As lesões ocorrem com mais frequência durante os primeiros 100 casos de curva de aprendizado, associadas a casos agudos e ao uso de equipamentos inadequados. O uso da colangiografia pré-operatória rotineira na prevenção de lesões iatrogênicas do ducto biliar é controverso. A realização da colangiografia de rotina permite a identificação de lesões, mas não tem sido útil na prevenção de lesões. Portanto, a colangiografia tem se mostrado útil na detecção e reparo mais adequado.

Fatores relacionados à técnica cirúrgica estão diretamente ligados às lesões do trato biliar. Entre eles, na maioria dos casos, estão o sangramento da área cística do triângulo ou do trato biliar, a tração excessiva da vesícula biliar e a presença de variações anatômicas não reconhecidas.
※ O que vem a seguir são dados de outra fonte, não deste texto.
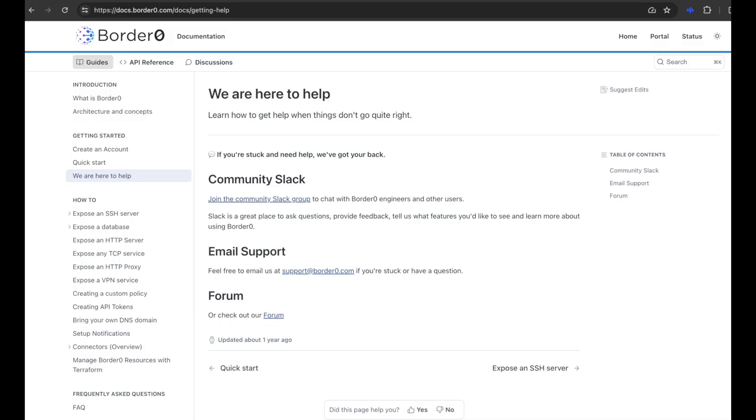There's plenty more to explore so I recommend checking out our documentation on docs.borderzero.com, our blog and our youtube channel. Finally make sure to join our Slack where you can chat directly with the Boiler Zero team for any questions that may arise and we look forward to help you on your Zero Trust journey.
Alguns marcos anatômicos do hilo hepático têm sido citados como parâmetros importantes para orientação durante a dissecção. O sulco de Rouvière deve ser identificado e a dissecção não deve ser feita abaixo da base do segmento IV e do ligamento hepatoduodenal. Acreditamos que a prevenção de lesões do trato biliar começa antes do procedimento, e algumas etapas devem ser seguidas rotineiramente:

  1. A equipe deve ter conhecimento dos equipamentos, utilizando ferramentas adequadas (câmera, monitor, insuflador e ótica de 30º);
  2. O paciente deve estar em uma boa posição, conforme a experiência da equipe;
  3. O anestesiologista deve ter experiência com procedimentos laparoscópicos;
  4. O cirurgião e os assistentes devem ter treinamento em simuladores e animais, e supervisão de cirurgiões mais experientes nos primeiros casos humanos;
  5. Bom conhecimento da anatomia das vias biliares e suas variações;
  6. Durante o procedimento, a tração e apresentação devem ser feitas de forma suave;
  7. Visualizar as estruturas biliares com tração inferior da vesícula biliar para cima e lateralmente (em direção ao ombro direito do paciente) com o infundíbulo puxado para baixo e para os lados, proporcionando o achatamento das estruturas e visualização clara do triângulo do trato biliar;
  8. A dissecção circular do infundíbulo cístico começa com a abertura do peritônio e adesões do triângulo posterior do trato biliar, utilizando bisturis e baixa frequência; o uso criterioso do cautério ou clipes durante a hemorragia é importante, limpando a área com gaze antes de proceder à secção ou ligadura final;
  9. Deve haver identificação prévia do ducto cístico, hepático e artérias císticas antes da clipagem e secção das estruturas, sendo essencial identificar a transição infundíbulo-cístico, começando da direita para a esquerda, e em caso de dúvida, antes da secção, deve-se realizar um estudo radiológico;
  10. A dissecção do fundo da vesícula biliar deve manter o eixo do plano (especialmente o infundíbulo) durante todo o procedimento e, necessariamente, o campo cirúrgico deve estar bem iluminado, sem sangue ou bile e com visualização do hilo hepático.

Como disse Lahey: “A primeira regra da cirurgia é saber quando não operar”.